### Required action
Look below for the line with "Device mockup with"; begin the copy there and stop after the line with "ROKR Space Shuttle", keeping the text exact and the pictures out.

BEGIN Data in this exercise

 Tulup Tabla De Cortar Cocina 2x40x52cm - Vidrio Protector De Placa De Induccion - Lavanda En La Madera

END Data in this exercise
BEGIN Data in this exercise

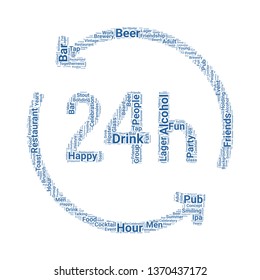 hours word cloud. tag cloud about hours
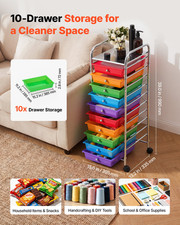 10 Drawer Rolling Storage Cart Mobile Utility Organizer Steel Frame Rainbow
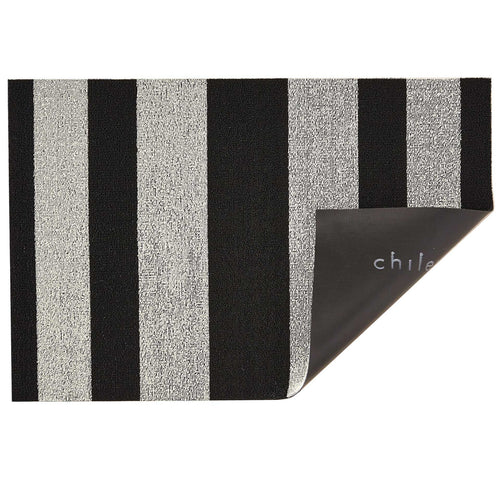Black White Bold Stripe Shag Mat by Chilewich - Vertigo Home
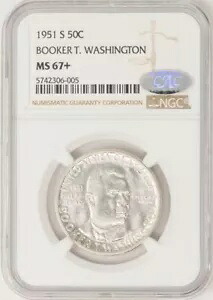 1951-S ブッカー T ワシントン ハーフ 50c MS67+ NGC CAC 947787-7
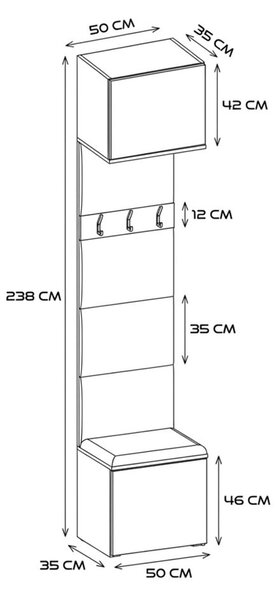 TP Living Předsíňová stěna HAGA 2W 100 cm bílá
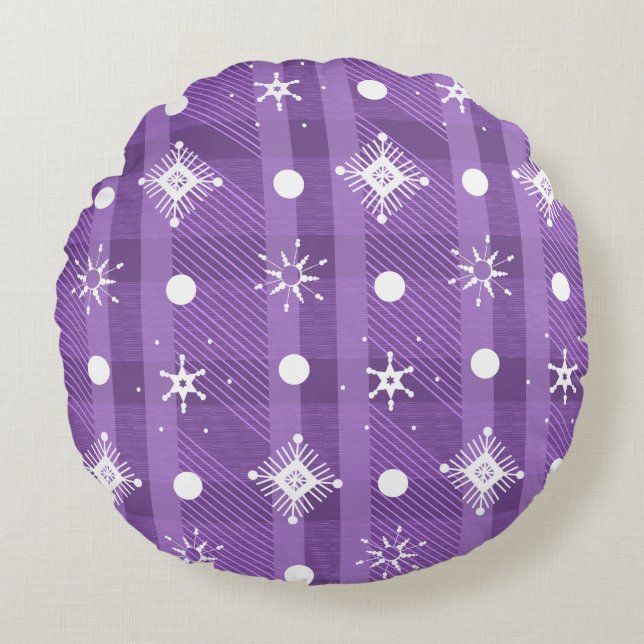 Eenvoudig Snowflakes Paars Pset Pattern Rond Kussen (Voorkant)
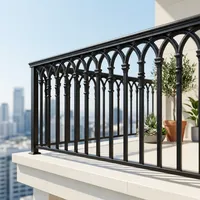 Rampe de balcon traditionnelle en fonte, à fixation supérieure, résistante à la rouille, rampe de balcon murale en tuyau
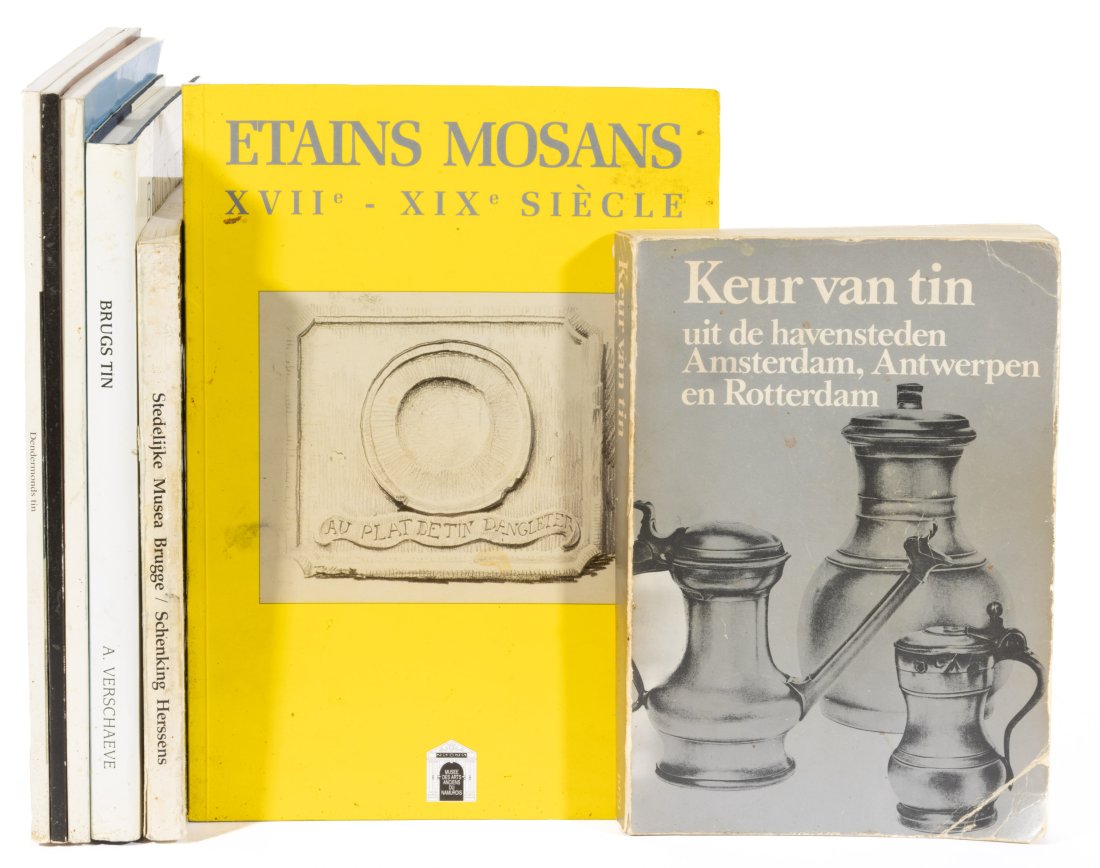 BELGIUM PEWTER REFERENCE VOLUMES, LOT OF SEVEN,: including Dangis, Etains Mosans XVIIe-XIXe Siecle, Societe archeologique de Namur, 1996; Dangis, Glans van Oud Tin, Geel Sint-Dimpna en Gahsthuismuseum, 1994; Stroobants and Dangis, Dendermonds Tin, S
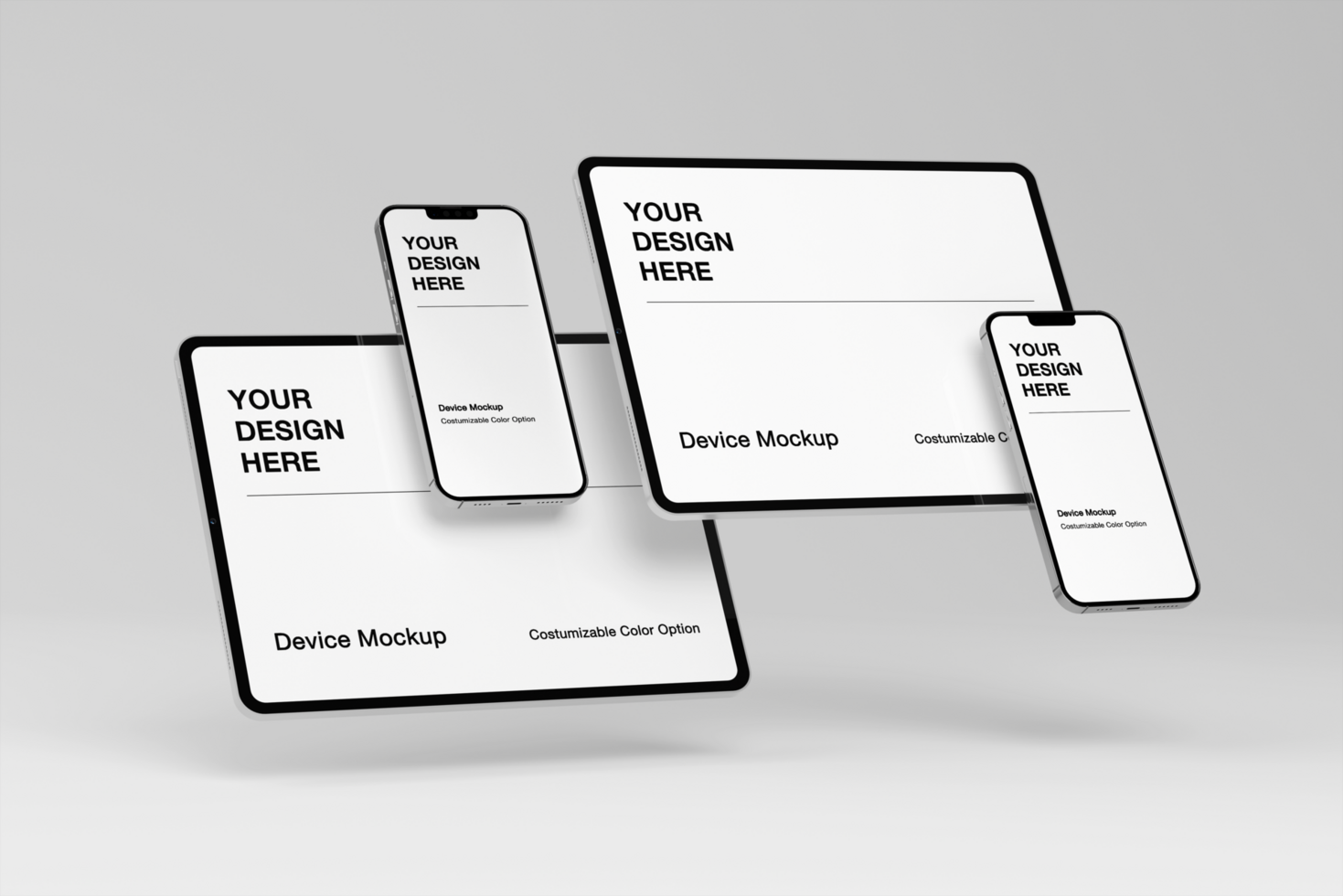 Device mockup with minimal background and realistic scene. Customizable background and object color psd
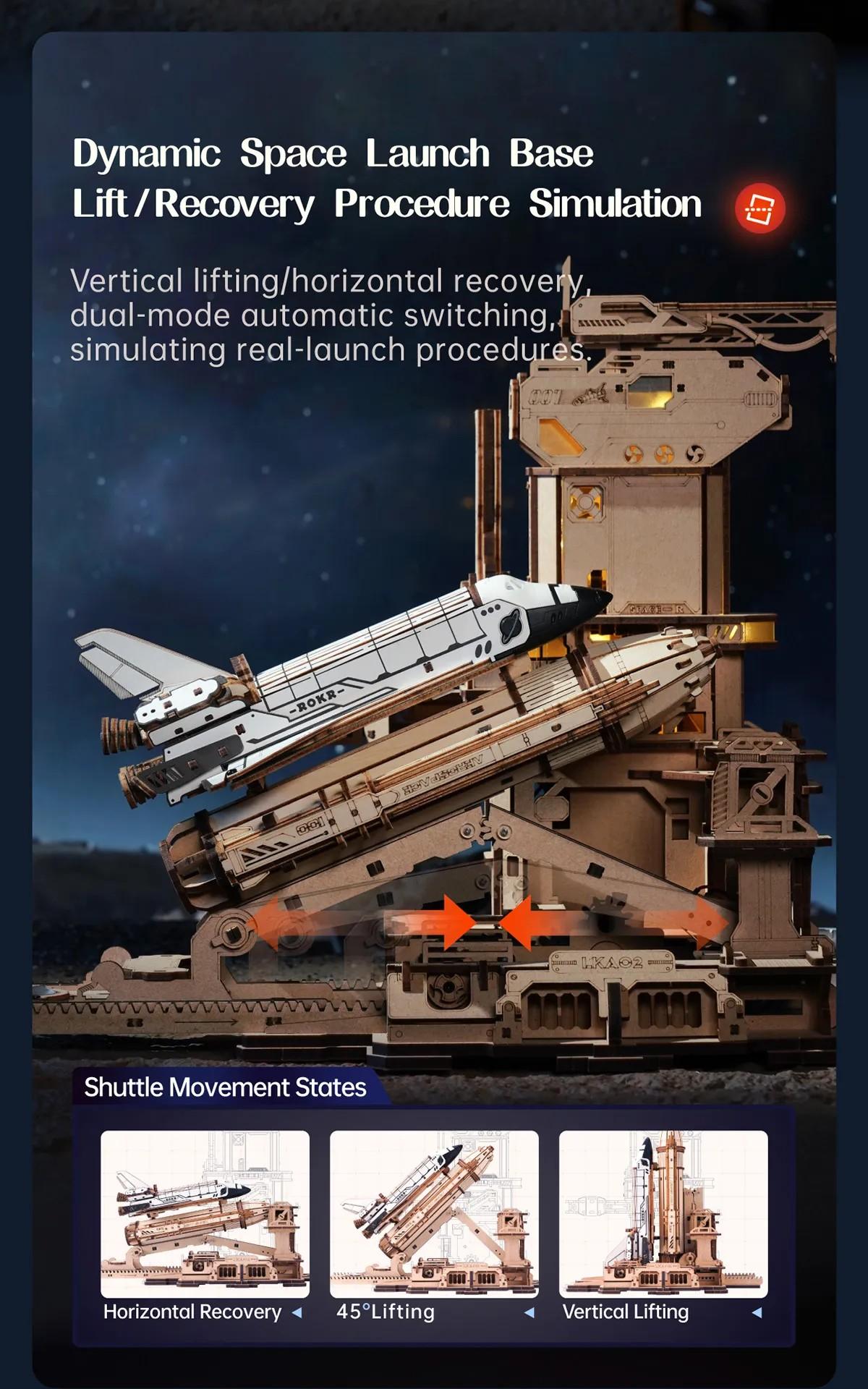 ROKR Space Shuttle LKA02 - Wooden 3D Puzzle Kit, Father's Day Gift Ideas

END Data in this exercise
BEGIN Data in this exercise

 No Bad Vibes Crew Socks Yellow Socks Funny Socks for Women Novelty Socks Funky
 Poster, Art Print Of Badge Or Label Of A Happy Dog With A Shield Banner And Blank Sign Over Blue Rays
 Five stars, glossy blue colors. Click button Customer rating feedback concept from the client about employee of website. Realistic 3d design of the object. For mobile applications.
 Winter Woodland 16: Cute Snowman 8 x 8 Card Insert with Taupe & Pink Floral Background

END Data in this exercise

### Solution to the exercise
 Device mockup with minimal background and realistic scene. Customizable background and object color psd
 ROKR Space Shuttle LKA02 - Wooden 3D Puzzle Kit, Father's Day Gift Ideas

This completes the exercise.